The rise in farm incomes: 2010 and the next decade
Farmers and speakers from DG Agri have repeatedly complained about the double squeeze of farm incomes: falling farm gate prices combined with rising costs for inputs, such as energy and fertilizer. The disastrous year of 2009 had wiped out all the gains of the last 15 years, they said. But the upswing of 2010 has been generous with farmers, and future price increases promise further improvements in farm incomes.
This is what DG Agri says in its communication ‘The CAP towards 2020’ from November 2010 (which uses the word ‘income’ 20 times!): ‘the future CAP will operate in the aftermath of an economic crisis that has seriously affected agriculture and rural areas by linking them directly to wider macroeconomic developments affecting its cost of production. After a decade of mere income stagnation, agricultural income dropped substantially in 2009 adding to an already fragile situation of an agricultural income significantly lower (by an estimated 40% per working unit) than that in the rest of the economy, and income per inhabitant in rural areas is considerably lower (by about 50%) than in urban areas.’

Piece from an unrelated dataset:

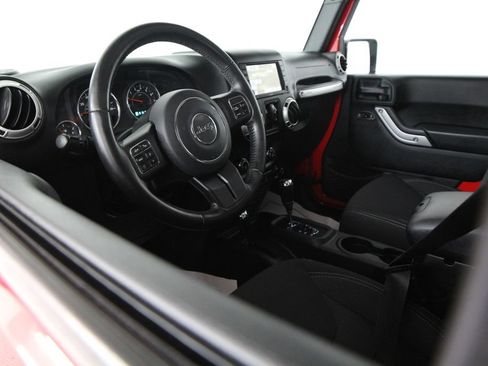 Used 2017 Jeep Wrangler Unlimited Sahara w/ Max Tow Package AWD/4WD image 6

This is Eurostat’s December 2010 estimates of this year’s farm incomes:
- EU27 real agricultural income per worker up by 12.3%
- This increase results from a rise in real agricultural income (+9.9%), together with a fall in agricultural labour input (-2.2%).
- Between 2005 and 2010, EU27 real agricultural income per worker is estimated to have increased by 10.0%.
- Real agricultural income per worker in 2010 is estimated to have risen in 21 Member States and to have fallen in six.
Also, agricultural prices are widely expected to rise in the next decade (see e.g. European Commission (2009): Prospects for Agricultural Markets and Income in the European Union 2008-2015. FAPRI (2010): U.S. and World Agricultural Outlook. OECD and FAO (2010): Agricultural Outlook 2010-2019.) This bodes well for agricultural wages, too.
Anyway, what’s the point of emphasizing that agricultural income is lower than average wages? Hairdressers earn far below average, too. And so do construction workers, lorry drivers, assembly-line workers, poets (I guess) and, well, all those who earn below-average wages (that is, far more than half the population, given that the few who earn extremely high salaries bias the mean upwards).
A similar thing can be said about income volatility. Let’s take a city like Berlin that is full of freelancers that often work in the ‘creative industries’. The volatility of their income tends to be extreme, its predictability terribly low and the level just high enough to survive in a cheap city such as Berlin. It’s not just farmers who have to cope with an uncertain economic environment.